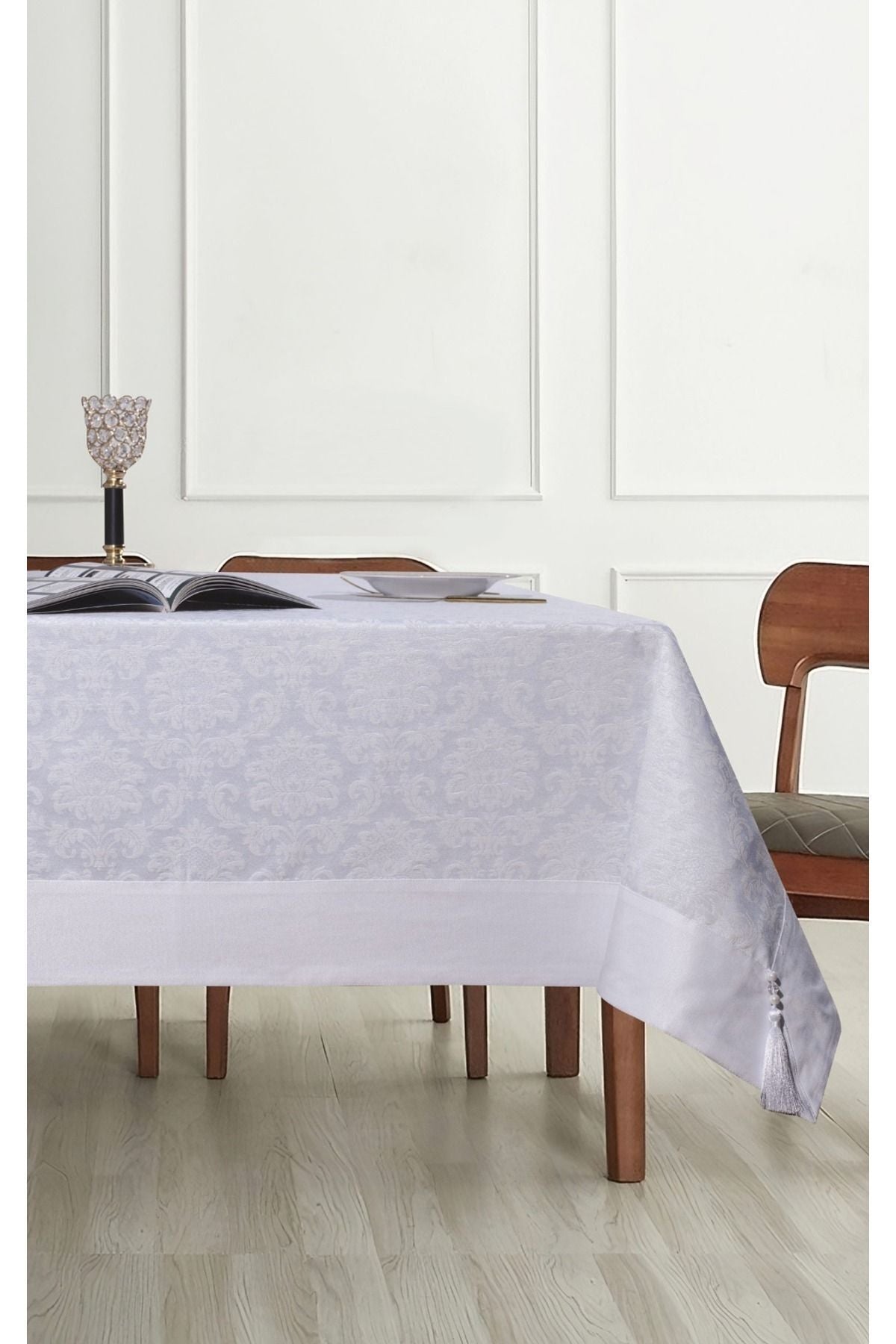 Tropikhome 160 x 220 Beyaz Pamuklu Damask Desenli Bordürlü Masa Örtüsü — Beyaz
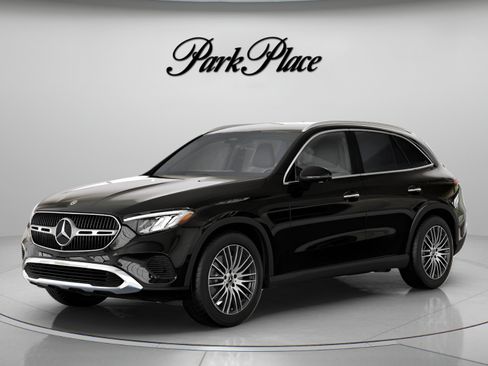 Used 2026 Mercedes-Benz GLC 300 image 2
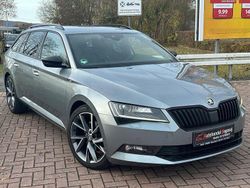 Grau Gebraucht 2018 Skoda Superb SportLine Kombi | 13.999 € (Superpreis)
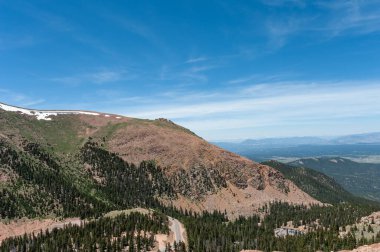 Pikes Tepesi 'nin zirvesine çıkan yol manzarası, Colorado, ABD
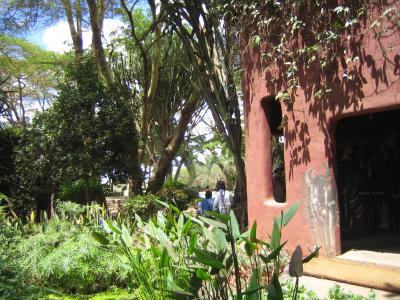 右の建物はミーティングスペースの様な所でした。土壁で涼しい感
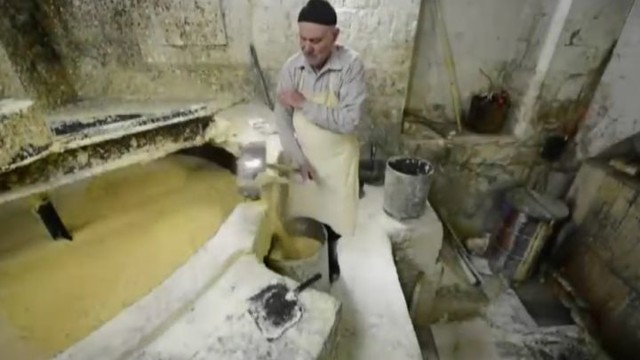 Изготовление мыла ручной работы в Сирии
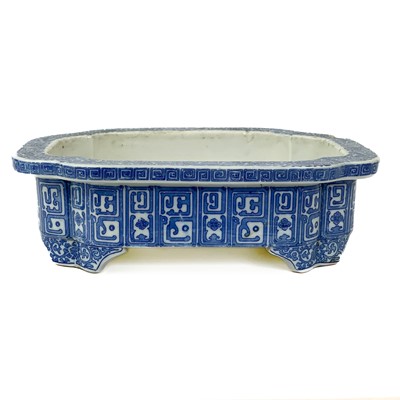 Lot 198 - A Chinese blue and white porcelain bonsai dish, Republic period.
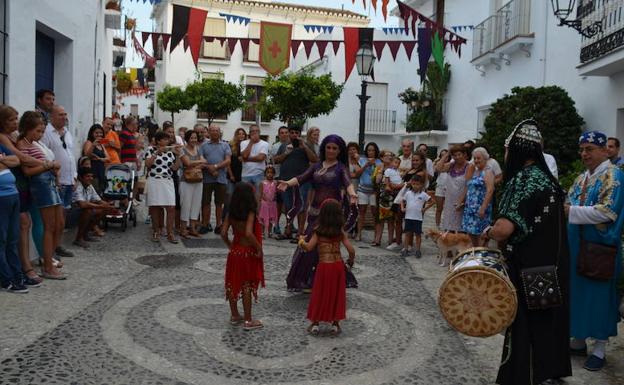 Las calles y plazas del casco histórico, conocido como el ‘Barribarto’, se llenan de bailes y espectáculos musicales.
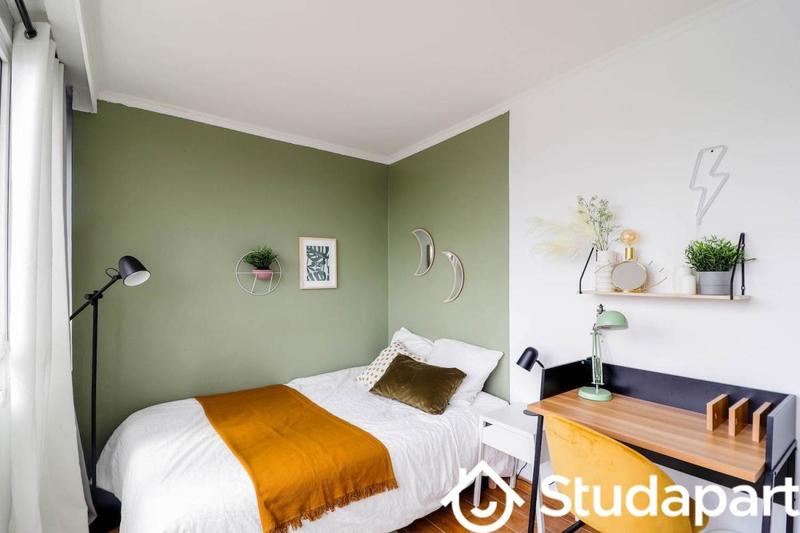 Chambre - 10 m² - 1 pièce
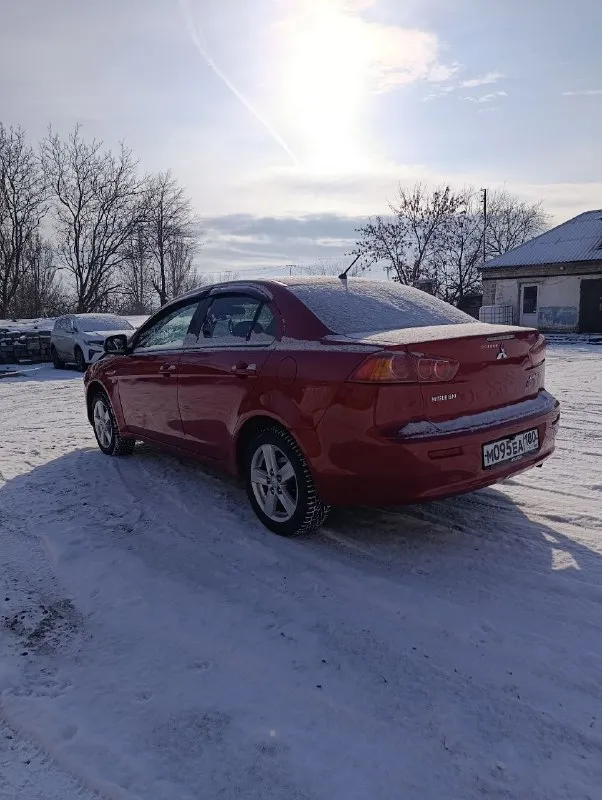 Продам митсубиси лансер x 2008г двигатель 1.8 пробег 236тыс 2 хозяина коробка:акпп двигатель не дымит, масло не ест, работает без посторонних звуков. акпп не пинает, не буксует, переключает мягко и плавно! ходовая обслужена! новое акб, новые стойки стабилизатора в круг, новые блины передние и колодки передние, новые резинки стабилизатора, новый стартер, новый гидроусилитель руля, новый левый рычаг в сборе, новые стойки передние, новое масло в двигателе и фильтра! по электрике все работает, кондиционер заправлен! комплектация: датчик дождя/света, подогревы передних сидений, климат контроль, сенсорная мультимедиа с камерой заднего вида, сигнализация с автозапуском и обратной связью, эл. подогрев и регулировка зеркал. документы кристально чистые, без запретов, без штрафов, переоформление без проблем цена 680т. р. небольшой торг у капота. г. торез +79493745821 +79491267452 - фотография - 5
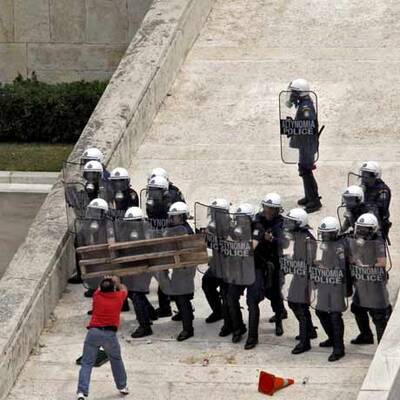 Ausschreitungen in Athen eskalieren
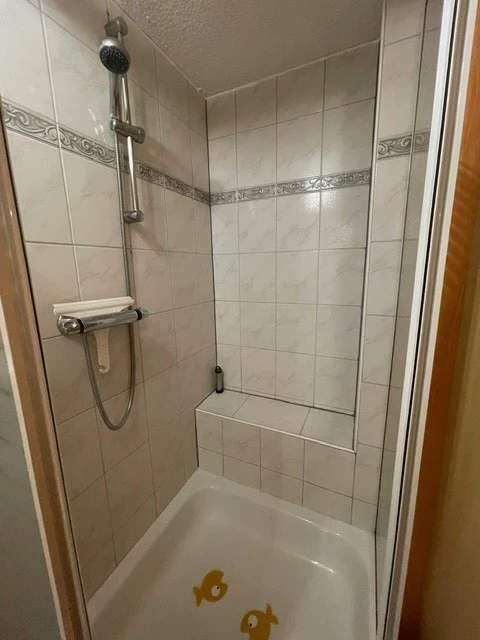 Dusche mit Sitzgelegenheit
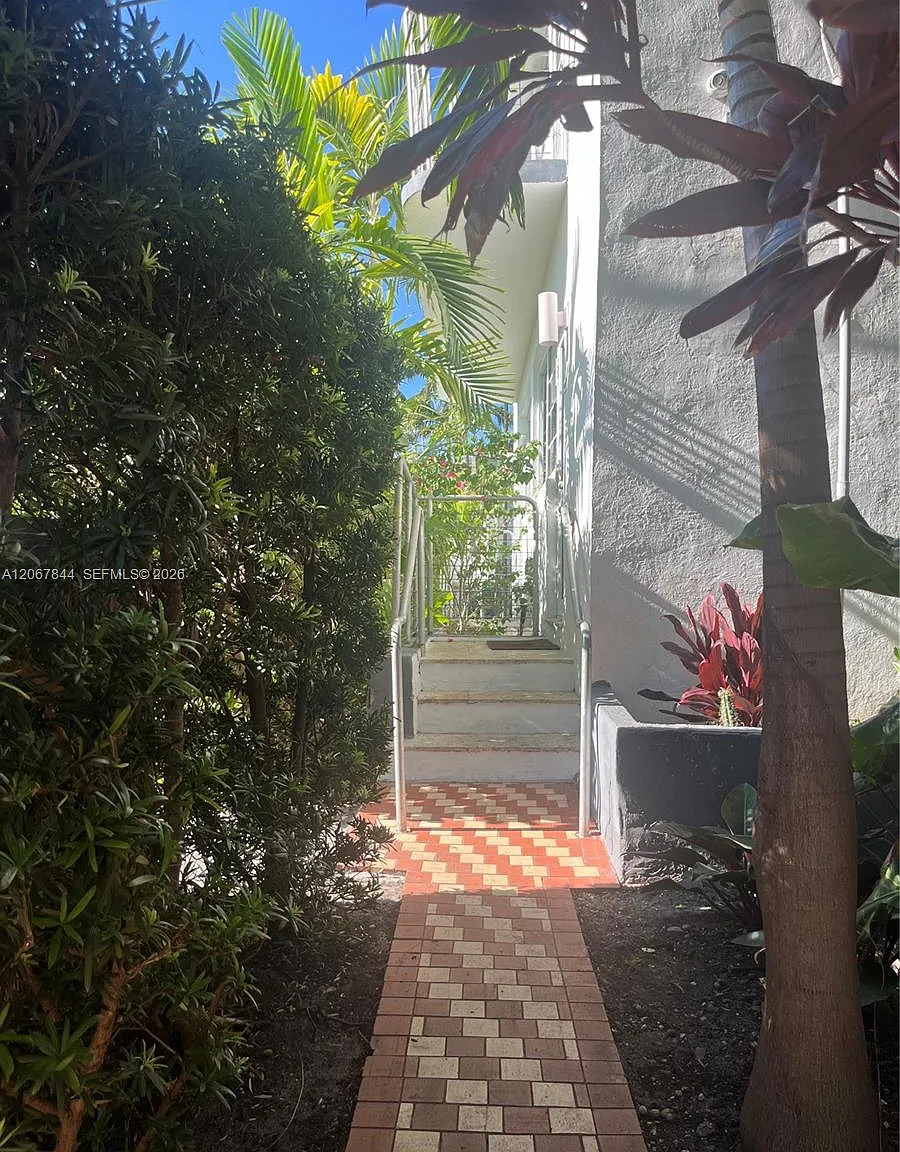The Waterclub Condo — Photo 3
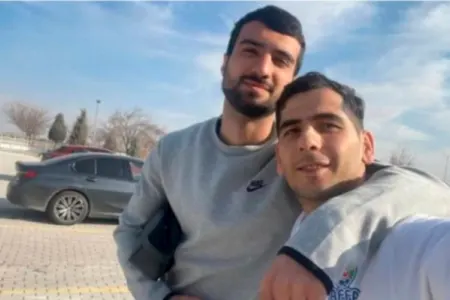 “Saçlarımı da ona görə sarıya boyamışdım...” - Mahir Emreli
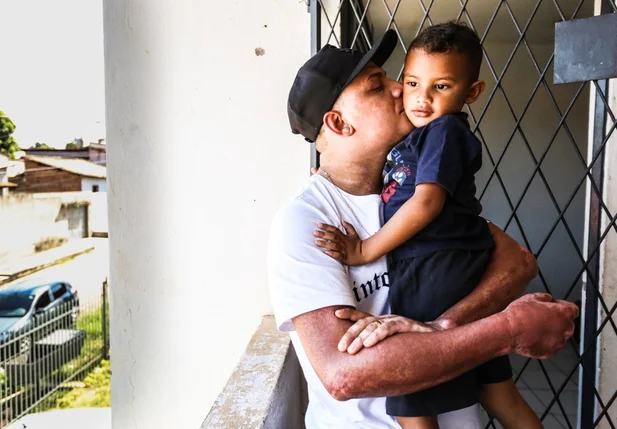Bruno Thiago e seu filho após alta do hospital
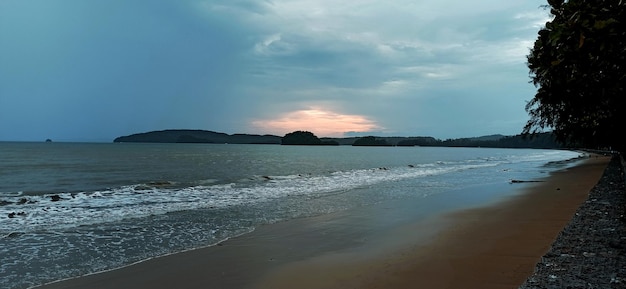 Foto playa de ao nang en krabi, tailandia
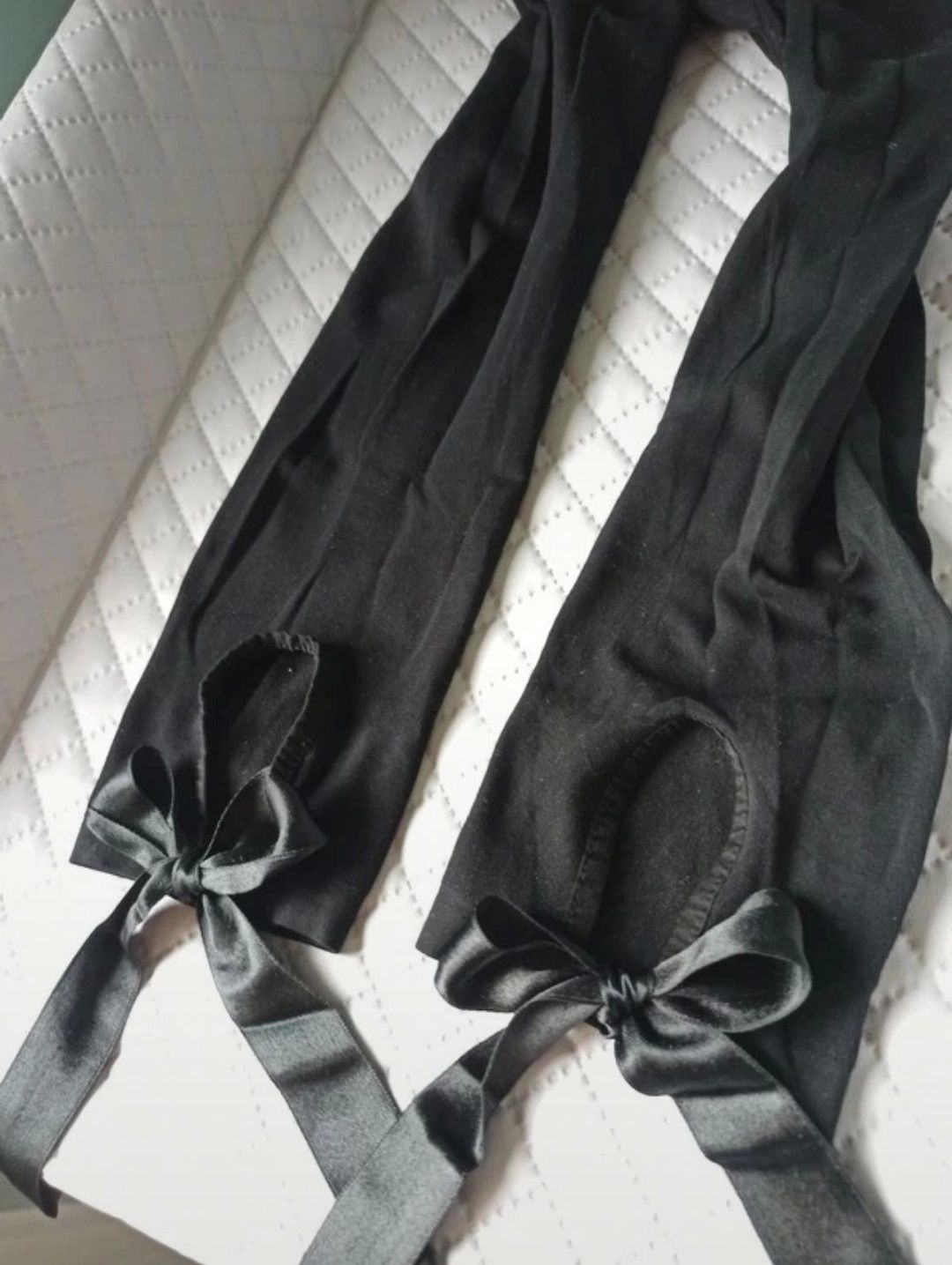 Czarne legginsy Linette 3/4 z kokardkami 80DEN Marilyn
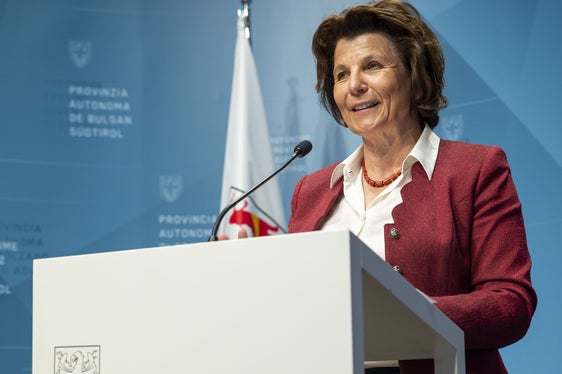 Unesco-Anerkennungen auf Landesebene koordiniert führen: Dies ist eines der Ziele des von Landesrätin Hochgruber Kuenzer (im Bild) vorgelegten Landesgesetzentwurfs. (Foto: LPA/Fabio Brucculeri)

-*-*-

## EXERCISE AIM:
Exactly as written, repeat the lines from the beginning of the entries up to and including the line with "Chambre - 10 m² - 1 pièce", but not the pictures.

## PROBLEM SOLUTION:
 Tropikhome 160 x 220 Beyaz Pamuklu Damask Desenli Bordürlü Masa Örtüsü — Beyaz
 Used 2026 Mercedes-Benz GLC 300 image 2
 Grau Gebraucht 2018 Skoda Superb SportLine Kombi | 13.999 € (Superpreis)
 Pikes Tepesi 'nin zirvesine çıkan yol manzarası, Colorado, ABD
 右の建物はミーティングスペースの様な所でした。土壁で涼しい感
 Изготовление мыла ручной работы в Сирии
 Lot 198 - A Chinese blue and white porcelain bonsai dish, Republic period.
 Las calles y plazas del casco histórico, conocido como el ‘Barribarto’, se llenan de bailes y espectáculos musicales.
 Chambre - 10 m² - 1 pièce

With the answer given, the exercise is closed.